Akibatnya, dolar Australia diprediksi akan melemah lebih dalam lagi oleh Commonwealth Bank of Australia (CBA).
"Kami perkirakan dolar Australia akan terkena dampak yang besar setelah pelaku pasar melihat outlook perekonomian global memburuk," kata Kim Mundy, ahli stratgi di CBA, sebagaimana dilansir poundsterling live, Rabu (21/7/2021).
Mundy dan timnya di CBA kini menandtisipasi penurunan dolar Australia yang lebih dalam, sebab momentum pemulihan ekonomi global meredup, serta kemungkinan respon kebijakan moneter bank sentral Australia (Reserve Bank of Australia/RBA).
RBA saat ini menggelontorkan program pembelian aset (Quantitative Easing/QE senilai AU$ 5 miliar per pekan, dan akan berakhir pada September mendatang.
Dalam rapat kebijakan moneter bulan ini, RBA memutuskan memperpanjang QE tersebut dengan mengurangi nilai pembelian menjadi AU$ 4 miliar per pekan.
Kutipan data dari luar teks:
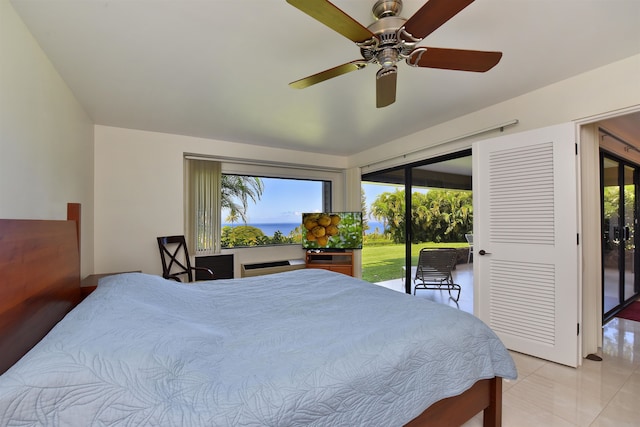 bedroom with access to exterior, ceiling fan, and light tile patterned flooring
RBA juga memutuskan mempertahankan suku bunga di rekor terendah 0,1%.
Dengan kondisi perekonomian global yang memburuk tersebut, RBA diperkirakan akan tetap melakukan program QE senilai AU$ 5 miliar bukan US$ 4 miliar.
"Media terpercaya melaporkan jika RBA akan memikirkan kembali pengurangan nilai QE sebab beberapa kota besar masih melakukan lockdown. Semakin lama lockdown, maka QE saat ini senilai AU$ 5 miliar sepertinya akan diperpanjang hingga beberapa bulan ke depan," kata Richard Franulovich, kepala strategi di Westpac, sebagaimana dilansir poundsterling live.
Jika nilai QE masih tetap US$ 5 miliar per pekan dalam waktu yang cukup lama, maka likuiditas tentunya akan meningkat, dan dolar Australia mengalami tekanan.